Suara Loey yang besar itu menjerit nggak kalah kencang dari Bryan.

"AUUUU-YAAAA!!!!!!" Sean malah menjerit memanggil gue.

Gue tambah panik mendengar suara mereka yang sudah sekencang mahasiswa yang lagi demo pakai toa. Itu pita suaranya segede gorong-gorong atau gimana sih??? Gue curiga, dulu emak mereka ngidam sangkakala pas hamil.

Gue berlari secepat yang gue bisa. Tiga mahluk jantan itu masih berteriak histeris dari dalam kamar dengan suara glodakan yang rusuh banget. Gue pun membuka pintu kamar dan menemukan tiga cowok itu berdiri berhimpit-himpitan di pojok dengan muka pucat. Gue jadi tambah panik, kan!

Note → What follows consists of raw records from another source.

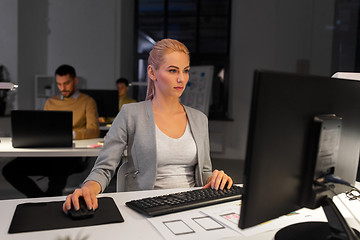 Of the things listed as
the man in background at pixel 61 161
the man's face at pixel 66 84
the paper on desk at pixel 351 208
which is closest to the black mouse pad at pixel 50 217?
the paper on desk at pixel 351 208

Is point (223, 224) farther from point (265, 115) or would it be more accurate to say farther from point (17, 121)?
point (17, 121)

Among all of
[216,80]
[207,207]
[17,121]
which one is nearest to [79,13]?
[216,80]

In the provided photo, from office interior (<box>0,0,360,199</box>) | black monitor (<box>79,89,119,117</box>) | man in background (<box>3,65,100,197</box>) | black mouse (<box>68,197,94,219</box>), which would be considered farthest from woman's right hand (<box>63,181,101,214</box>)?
office interior (<box>0,0,360,199</box>)

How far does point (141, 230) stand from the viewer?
1001 mm

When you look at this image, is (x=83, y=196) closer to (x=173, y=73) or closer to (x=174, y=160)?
(x=174, y=160)

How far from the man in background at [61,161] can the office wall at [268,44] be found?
3.56m

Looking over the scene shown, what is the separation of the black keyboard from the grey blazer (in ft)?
1.02

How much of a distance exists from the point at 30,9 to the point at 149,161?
18.4ft

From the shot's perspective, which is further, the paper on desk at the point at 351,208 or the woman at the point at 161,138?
the woman at the point at 161,138

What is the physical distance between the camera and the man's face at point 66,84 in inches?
126

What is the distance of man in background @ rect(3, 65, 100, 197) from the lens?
304 centimetres

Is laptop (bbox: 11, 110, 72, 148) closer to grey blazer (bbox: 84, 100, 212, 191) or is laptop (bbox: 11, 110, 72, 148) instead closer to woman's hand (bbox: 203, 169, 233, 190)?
grey blazer (bbox: 84, 100, 212, 191)

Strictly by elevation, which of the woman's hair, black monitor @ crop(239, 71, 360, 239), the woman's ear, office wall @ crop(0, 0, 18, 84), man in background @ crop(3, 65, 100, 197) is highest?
office wall @ crop(0, 0, 18, 84)

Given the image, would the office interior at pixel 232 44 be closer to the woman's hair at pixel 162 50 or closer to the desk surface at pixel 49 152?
the desk surface at pixel 49 152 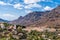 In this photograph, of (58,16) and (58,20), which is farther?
(58,16)

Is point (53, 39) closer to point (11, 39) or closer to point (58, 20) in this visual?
point (11, 39)

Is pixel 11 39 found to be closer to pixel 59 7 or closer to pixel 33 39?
pixel 33 39

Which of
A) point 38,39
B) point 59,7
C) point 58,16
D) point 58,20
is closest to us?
point 38,39

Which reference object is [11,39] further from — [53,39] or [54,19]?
[54,19]

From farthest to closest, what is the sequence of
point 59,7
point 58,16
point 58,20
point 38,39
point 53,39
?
point 59,7 < point 58,16 < point 58,20 < point 53,39 < point 38,39

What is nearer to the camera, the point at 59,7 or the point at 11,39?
the point at 11,39

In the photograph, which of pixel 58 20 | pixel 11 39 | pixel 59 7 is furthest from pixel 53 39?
pixel 59 7

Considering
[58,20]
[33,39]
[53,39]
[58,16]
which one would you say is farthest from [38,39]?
[58,16]

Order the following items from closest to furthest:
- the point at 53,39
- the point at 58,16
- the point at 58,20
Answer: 1. the point at 53,39
2. the point at 58,20
3. the point at 58,16

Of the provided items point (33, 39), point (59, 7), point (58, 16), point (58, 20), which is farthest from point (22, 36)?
point (59, 7) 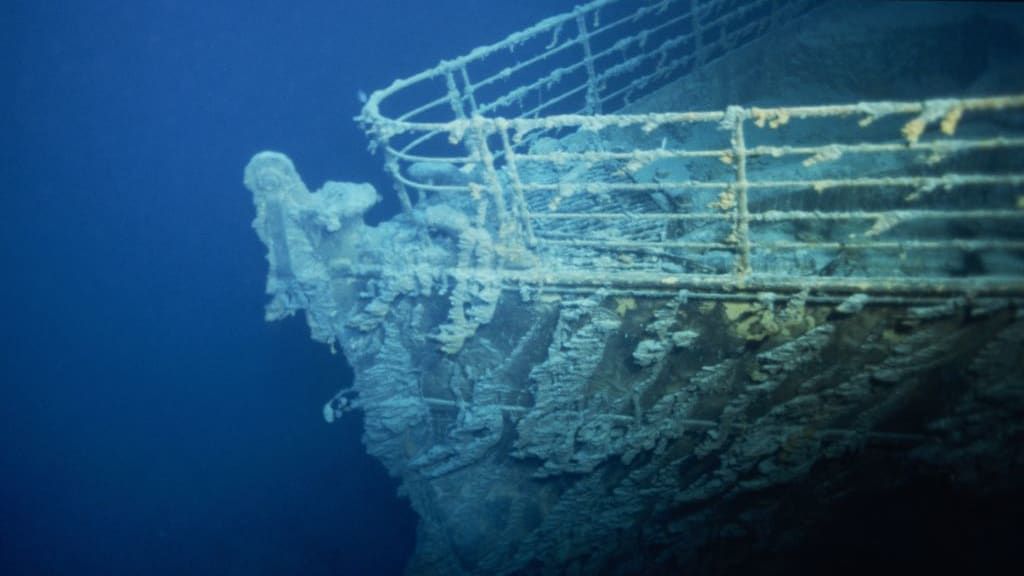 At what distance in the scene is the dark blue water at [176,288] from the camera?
13.3m

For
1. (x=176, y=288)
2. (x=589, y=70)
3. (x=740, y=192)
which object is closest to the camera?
(x=740, y=192)

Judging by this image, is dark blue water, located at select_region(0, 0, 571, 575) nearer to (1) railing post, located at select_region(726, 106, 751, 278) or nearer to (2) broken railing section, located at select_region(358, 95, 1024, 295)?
(2) broken railing section, located at select_region(358, 95, 1024, 295)

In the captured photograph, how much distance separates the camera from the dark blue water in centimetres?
1334

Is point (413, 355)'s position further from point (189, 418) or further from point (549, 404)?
point (189, 418)

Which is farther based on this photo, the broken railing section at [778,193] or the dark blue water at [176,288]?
the dark blue water at [176,288]

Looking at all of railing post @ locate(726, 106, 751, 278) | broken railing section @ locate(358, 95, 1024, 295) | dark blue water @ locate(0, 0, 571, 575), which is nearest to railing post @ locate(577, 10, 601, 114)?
broken railing section @ locate(358, 95, 1024, 295)

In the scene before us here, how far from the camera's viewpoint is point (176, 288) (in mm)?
22828

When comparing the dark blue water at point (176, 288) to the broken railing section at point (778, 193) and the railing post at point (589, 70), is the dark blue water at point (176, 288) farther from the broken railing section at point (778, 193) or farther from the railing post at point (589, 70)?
the broken railing section at point (778, 193)

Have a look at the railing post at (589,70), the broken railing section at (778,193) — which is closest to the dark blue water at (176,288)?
the railing post at (589,70)

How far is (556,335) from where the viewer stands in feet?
12.7

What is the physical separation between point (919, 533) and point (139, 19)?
3579 centimetres

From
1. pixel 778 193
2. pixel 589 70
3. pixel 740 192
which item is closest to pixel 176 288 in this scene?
pixel 589 70

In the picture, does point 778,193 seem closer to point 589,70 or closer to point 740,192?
A: point 740,192

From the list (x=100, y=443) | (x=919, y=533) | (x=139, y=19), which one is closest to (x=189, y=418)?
(x=100, y=443) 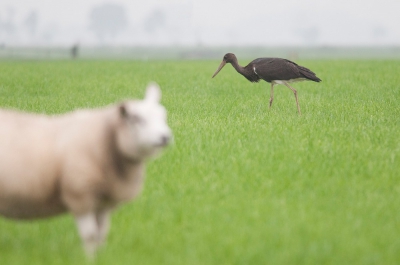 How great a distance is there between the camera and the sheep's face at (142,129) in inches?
189

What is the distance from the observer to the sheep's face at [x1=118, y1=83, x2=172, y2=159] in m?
4.79

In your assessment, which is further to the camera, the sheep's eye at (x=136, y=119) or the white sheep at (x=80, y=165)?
the white sheep at (x=80, y=165)

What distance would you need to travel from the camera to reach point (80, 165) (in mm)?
5121

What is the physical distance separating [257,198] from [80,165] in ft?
9.63

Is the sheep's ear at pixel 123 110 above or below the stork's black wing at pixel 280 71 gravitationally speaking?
above

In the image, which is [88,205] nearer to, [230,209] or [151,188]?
[230,209]

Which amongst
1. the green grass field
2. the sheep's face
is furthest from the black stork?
the sheep's face

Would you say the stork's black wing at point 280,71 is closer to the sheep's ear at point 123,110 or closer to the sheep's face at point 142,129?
the sheep's face at point 142,129

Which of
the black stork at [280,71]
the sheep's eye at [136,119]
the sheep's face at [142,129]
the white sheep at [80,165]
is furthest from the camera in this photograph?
the black stork at [280,71]

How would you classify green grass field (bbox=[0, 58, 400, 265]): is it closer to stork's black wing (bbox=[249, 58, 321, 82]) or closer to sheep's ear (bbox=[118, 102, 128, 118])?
stork's black wing (bbox=[249, 58, 321, 82])

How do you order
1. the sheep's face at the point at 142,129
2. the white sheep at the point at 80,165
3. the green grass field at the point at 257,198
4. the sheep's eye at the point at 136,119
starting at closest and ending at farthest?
the sheep's face at the point at 142,129 < the sheep's eye at the point at 136,119 < the white sheep at the point at 80,165 < the green grass field at the point at 257,198

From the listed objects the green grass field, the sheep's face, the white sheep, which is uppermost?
the sheep's face

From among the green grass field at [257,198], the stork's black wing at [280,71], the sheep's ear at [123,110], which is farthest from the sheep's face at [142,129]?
the stork's black wing at [280,71]

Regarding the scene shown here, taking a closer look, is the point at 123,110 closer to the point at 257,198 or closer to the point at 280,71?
the point at 257,198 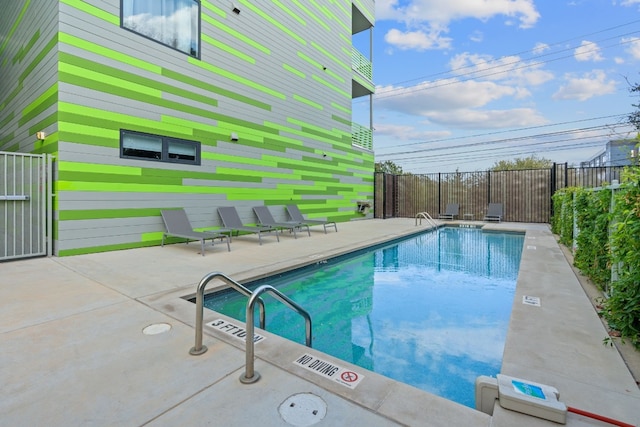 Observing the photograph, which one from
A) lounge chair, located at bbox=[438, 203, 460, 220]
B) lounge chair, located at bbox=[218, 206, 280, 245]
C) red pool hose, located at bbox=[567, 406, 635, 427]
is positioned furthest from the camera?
lounge chair, located at bbox=[438, 203, 460, 220]

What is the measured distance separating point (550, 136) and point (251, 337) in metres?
29.9

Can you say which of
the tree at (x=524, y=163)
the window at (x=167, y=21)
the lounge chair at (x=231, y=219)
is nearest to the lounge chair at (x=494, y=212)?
the lounge chair at (x=231, y=219)

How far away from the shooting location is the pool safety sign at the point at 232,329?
7.99 ft

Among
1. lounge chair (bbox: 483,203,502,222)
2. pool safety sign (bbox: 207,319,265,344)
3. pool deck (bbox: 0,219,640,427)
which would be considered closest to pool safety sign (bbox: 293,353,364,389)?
pool deck (bbox: 0,219,640,427)

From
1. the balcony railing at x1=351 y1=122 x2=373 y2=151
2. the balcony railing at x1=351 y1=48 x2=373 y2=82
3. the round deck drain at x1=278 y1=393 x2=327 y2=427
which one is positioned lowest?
the round deck drain at x1=278 y1=393 x2=327 y2=427

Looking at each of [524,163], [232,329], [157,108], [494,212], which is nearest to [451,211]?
[494,212]

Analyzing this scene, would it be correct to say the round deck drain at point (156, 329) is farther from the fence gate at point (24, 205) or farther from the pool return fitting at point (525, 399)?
the fence gate at point (24, 205)

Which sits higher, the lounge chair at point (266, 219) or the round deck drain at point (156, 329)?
the lounge chair at point (266, 219)

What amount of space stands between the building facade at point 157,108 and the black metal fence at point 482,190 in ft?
20.4

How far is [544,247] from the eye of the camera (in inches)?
272

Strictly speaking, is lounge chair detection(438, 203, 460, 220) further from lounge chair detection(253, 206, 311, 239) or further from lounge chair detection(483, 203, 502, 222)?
lounge chair detection(253, 206, 311, 239)

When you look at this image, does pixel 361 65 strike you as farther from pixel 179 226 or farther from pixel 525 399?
pixel 525 399

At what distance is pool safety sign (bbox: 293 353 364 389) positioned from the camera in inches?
73.4

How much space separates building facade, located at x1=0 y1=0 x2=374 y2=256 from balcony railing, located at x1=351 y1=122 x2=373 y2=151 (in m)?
3.06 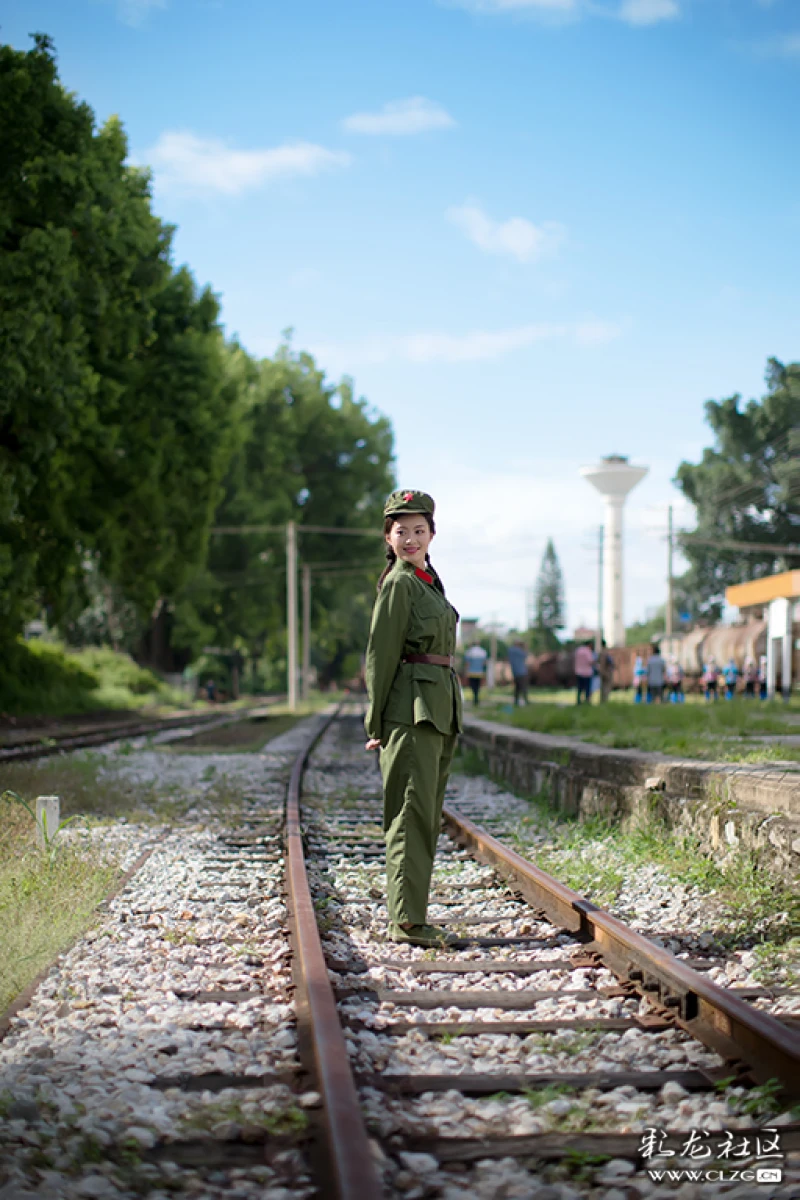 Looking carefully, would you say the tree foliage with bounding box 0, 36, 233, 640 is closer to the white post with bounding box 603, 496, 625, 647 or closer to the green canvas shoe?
the green canvas shoe

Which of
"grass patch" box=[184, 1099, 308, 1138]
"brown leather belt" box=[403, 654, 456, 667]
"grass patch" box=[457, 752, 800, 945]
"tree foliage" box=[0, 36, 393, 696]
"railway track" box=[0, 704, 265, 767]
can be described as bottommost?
"railway track" box=[0, 704, 265, 767]

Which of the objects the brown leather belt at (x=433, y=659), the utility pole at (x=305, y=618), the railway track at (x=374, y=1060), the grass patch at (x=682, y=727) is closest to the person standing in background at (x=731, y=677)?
the grass patch at (x=682, y=727)

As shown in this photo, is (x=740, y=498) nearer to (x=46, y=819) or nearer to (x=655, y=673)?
(x=655, y=673)

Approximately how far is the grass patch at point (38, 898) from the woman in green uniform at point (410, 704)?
151 centimetres

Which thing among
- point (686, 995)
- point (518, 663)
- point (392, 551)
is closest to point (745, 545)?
point (518, 663)

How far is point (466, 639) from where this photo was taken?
81.9m

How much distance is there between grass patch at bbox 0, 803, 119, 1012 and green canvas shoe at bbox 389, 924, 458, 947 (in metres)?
1.43

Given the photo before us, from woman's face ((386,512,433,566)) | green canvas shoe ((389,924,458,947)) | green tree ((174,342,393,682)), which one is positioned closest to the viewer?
green canvas shoe ((389,924,458,947))

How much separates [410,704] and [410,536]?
0.77 m

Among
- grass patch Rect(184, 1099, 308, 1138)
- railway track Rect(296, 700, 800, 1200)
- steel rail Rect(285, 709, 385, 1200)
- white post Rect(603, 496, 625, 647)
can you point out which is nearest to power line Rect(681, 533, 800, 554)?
white post Rect(603, 496, 625, 647)

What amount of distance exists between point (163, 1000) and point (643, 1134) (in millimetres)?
1871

"Ada apa?!" tanya gue ikutan heboh.

"AAAARRRGGHHHH!!!"

Mereka bertiga malah berteriak berjamaah menggunakan nada A minor, E, dan G. Muka ketiganya bertambah pucat eraya kabur bersamaan. Mereka kompakan sembunyi di belakang gue.

"Ada apa ini?!" tanya gue makin bingung.

Sean menunjuk ke dinding dekat ranjang yang membuat gue terperangah.

"Kecoa?!"

Itu doang?! Seriously?! Mereka jejeritan macem anak gadis yang histeris liat abs dan otot di badan Sean cuma gara-gara kecoa???

"Itu? Hanya itu?" tanya gue memastikan.

Jawaban mereka nggak gue butuhkan karena tiba-tiba ada kecoa terbang ke arah kami. Tiga cowok yang gagal mempesona di belakang gue itu pun langsung berteriak melengking, lalu berikutnya yang gue denger adalah suara berdebum.

Gue menoleh dan mata gue hampir melompat melihat Sean pingsan dengan satu kecoa yang mendarat manja di wajahnya. Haduh! Nih cowok, ya! Dada boleh sebidang lapangan bola, perut boleh berpetak-petak kayak sawah. Tapi pingsan ketemu kecoa?!

Hhhh....

Bukannya menolong Sean yang pingsan, Bryan sama Loey malah menjauh gara-gara melihat kecoa itu masih menempel di kening Sean. Gue nggak bisa meletakkan harapan tinggi-tinggi ke mereka. Gue pun bersimpuh di dekat Sean untuk memegang antena kecoa itu.

Dengan segera gue masuk ke toilet. Gue mengambil sabun cair yang akhirnya gue tuang ke badan kecoa itu. Setelah sekarat, gue melempar mahluk itu ke dalam toilet, lalu gue flush sampai lenyap dari hadapan gue.

"Sean! Bangun- AAAARRGGHHH!!!" jerit Loey.

Nah, apalagi tuh? Pasti kecoa yang di dinding tadi!

"Au-yaaa!!! Cepaaattt!!!" jerit Loey.

Gue segera meluncur ke mereka. Dugaan gue tepat. Kecoa yang gue maksud jalan merangkak dengan super percaya diri ke arah Loey. Gue bergerak cepat mengambil minyak kayu putih dari dalam ransel, lalu gue meneteskan minyak kayu putih ke badan kecoa sialan itu. Beberapa waktu berlalu, dan akhirnya gue, Loey, dan Bryan jadi kesaksian tewasnya dua kecoa hari ini.

"Sudah. Beres."

Gue mengambil kecoa itu dan nge-flush lagi. Saat gue kembali, Sean sudah sadar. Dia masih bengong. Tapi sebengong-bengongnya dia, tetep aja ganteng.